_RECORDS FOR THE EXERCISE:_
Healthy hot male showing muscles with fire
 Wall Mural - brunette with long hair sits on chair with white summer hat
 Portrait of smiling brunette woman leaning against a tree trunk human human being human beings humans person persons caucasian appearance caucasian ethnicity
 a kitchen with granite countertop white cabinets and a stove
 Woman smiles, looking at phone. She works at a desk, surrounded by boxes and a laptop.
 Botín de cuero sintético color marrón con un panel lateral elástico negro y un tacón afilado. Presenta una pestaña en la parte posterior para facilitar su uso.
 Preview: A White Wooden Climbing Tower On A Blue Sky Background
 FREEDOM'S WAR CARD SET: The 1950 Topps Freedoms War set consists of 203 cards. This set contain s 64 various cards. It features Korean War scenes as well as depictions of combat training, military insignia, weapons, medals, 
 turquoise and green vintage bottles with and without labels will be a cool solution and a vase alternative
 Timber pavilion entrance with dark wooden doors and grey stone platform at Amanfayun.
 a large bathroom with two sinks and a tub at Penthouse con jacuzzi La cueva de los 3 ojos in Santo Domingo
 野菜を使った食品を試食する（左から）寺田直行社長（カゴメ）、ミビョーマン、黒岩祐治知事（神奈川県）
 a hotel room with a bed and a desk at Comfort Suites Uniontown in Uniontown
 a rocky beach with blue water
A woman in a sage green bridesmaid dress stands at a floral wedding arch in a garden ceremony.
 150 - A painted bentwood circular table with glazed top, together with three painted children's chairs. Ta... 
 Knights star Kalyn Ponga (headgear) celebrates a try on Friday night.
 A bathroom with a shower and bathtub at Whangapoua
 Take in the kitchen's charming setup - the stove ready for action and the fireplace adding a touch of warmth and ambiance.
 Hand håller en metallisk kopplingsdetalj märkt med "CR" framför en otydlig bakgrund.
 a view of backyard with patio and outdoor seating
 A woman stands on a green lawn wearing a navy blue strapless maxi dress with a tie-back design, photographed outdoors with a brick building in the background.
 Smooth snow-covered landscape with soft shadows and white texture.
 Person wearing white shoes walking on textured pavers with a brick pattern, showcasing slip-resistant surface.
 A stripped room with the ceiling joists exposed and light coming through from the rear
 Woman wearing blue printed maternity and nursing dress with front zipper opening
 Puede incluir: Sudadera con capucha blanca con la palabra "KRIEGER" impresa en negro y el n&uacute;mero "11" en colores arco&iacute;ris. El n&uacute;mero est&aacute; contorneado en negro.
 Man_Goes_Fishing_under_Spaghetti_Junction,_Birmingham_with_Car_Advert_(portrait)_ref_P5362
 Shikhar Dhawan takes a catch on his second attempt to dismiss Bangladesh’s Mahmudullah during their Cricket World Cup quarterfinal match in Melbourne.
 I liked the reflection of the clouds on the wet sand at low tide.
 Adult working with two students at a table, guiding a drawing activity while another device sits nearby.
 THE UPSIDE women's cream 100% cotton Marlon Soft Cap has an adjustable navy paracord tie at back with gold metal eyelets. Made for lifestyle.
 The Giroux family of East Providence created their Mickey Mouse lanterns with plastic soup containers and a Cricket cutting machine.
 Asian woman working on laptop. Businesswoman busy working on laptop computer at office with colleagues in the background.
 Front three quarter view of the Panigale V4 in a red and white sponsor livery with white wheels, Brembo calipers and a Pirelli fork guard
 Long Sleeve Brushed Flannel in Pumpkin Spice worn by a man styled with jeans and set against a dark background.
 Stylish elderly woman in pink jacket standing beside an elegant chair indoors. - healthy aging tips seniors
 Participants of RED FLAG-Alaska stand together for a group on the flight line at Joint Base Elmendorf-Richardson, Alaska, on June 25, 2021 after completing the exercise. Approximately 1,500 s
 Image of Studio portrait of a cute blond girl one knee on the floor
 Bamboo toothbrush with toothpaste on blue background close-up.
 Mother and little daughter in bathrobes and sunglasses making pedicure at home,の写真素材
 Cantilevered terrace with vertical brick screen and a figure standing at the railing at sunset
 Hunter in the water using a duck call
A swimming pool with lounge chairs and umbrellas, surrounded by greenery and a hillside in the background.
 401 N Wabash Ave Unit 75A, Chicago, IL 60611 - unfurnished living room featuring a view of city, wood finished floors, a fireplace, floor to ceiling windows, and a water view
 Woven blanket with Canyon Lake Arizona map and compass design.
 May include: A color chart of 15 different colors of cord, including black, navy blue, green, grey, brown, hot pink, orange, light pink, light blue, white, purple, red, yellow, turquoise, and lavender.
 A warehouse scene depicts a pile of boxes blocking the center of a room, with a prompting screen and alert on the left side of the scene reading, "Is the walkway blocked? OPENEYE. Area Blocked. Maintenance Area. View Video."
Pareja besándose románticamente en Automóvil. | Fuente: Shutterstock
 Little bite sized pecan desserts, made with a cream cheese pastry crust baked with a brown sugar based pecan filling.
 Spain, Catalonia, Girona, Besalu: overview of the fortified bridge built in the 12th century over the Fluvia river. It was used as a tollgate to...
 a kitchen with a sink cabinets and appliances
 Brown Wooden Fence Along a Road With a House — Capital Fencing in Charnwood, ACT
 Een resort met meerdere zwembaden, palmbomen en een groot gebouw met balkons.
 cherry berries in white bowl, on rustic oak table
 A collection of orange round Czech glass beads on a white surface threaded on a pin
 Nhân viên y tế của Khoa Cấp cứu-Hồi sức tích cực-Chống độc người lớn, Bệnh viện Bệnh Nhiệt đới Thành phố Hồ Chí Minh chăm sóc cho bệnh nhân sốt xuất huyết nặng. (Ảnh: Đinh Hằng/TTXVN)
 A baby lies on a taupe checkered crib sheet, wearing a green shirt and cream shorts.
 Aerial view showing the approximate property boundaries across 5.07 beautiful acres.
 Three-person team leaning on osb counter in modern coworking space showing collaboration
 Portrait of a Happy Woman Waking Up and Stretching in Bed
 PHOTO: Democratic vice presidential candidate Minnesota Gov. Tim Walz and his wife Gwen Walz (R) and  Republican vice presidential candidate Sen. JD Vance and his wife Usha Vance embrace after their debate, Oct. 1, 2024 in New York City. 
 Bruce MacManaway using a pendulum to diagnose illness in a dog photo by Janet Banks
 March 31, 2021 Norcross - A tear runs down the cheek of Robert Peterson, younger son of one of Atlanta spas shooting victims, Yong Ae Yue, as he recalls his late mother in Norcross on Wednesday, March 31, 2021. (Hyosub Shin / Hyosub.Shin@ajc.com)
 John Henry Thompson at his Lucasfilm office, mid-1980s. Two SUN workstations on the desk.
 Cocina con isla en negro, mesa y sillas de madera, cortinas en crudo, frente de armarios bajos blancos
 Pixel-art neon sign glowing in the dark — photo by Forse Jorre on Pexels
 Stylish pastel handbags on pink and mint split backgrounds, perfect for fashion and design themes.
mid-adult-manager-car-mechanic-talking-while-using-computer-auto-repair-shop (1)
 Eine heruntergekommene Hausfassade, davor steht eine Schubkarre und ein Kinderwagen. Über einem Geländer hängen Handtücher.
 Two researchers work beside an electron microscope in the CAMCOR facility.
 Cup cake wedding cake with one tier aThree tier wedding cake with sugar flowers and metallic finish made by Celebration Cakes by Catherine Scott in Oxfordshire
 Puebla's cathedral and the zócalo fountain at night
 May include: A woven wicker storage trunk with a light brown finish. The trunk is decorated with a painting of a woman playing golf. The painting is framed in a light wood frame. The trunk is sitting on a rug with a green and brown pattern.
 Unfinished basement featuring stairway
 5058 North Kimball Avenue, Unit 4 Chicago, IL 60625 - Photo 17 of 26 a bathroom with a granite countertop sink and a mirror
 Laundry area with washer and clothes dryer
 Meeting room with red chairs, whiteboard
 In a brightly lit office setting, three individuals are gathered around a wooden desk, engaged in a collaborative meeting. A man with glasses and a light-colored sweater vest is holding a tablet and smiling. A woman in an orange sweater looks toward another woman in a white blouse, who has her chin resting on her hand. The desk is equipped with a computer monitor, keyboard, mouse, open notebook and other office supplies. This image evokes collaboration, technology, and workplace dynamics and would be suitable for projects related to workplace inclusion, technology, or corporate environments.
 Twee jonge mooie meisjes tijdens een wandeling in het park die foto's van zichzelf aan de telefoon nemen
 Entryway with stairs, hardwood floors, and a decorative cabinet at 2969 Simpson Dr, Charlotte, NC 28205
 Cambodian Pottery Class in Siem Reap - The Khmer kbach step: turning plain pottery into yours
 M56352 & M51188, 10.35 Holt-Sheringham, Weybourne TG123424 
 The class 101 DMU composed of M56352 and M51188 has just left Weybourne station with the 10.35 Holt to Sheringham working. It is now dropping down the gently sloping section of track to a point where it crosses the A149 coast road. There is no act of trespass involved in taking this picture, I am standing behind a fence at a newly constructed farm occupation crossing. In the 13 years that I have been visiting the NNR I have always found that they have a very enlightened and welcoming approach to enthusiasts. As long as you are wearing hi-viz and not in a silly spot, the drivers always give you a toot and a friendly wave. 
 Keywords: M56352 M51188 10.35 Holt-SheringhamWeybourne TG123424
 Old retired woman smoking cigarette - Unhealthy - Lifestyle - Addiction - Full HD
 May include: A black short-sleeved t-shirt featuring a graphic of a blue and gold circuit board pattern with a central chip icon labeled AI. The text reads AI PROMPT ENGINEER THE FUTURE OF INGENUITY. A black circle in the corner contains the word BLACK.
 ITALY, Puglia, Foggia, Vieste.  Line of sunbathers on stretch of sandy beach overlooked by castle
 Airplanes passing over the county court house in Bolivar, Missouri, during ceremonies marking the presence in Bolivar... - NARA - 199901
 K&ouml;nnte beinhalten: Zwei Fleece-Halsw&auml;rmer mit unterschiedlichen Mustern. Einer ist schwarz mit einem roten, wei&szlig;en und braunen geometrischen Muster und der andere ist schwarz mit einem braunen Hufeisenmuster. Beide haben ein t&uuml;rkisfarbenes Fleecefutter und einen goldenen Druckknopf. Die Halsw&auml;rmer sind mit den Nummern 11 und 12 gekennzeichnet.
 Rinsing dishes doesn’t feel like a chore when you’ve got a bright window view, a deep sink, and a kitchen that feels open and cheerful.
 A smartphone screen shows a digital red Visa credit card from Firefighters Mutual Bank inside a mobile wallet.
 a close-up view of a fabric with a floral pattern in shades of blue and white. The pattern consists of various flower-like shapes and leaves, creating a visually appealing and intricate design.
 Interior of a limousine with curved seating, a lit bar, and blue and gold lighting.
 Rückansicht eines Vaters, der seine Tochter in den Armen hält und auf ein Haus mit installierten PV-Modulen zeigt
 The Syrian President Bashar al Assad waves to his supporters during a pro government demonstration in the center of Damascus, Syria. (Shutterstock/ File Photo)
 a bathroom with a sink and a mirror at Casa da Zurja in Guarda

_YOUR ASSIGNMENT:_ From the records above, print exactly the lines that run from the line with "150 - A painted" to the line with "a view of backyard", inclusive.

_EXERCISE RESPONSE:_
 150 - A painted bentwood circular table with glazed top, together with three painted children's chairs. Ta... 
 Knights star Kalyn Ponga (headgear) celebrates a try on Friday night.
 A bathroom with a shower and bathtub at Whangapoua
 Take in the kitchen's charming setup - the stove ready for action and the fireplace adding a touch of warmth and ambiance.
 Hand håller en metallisk kopplingsdetalj märkt med "CR" framför en otydlig bakgrund.
 a view of backyard with patio and outdoor seating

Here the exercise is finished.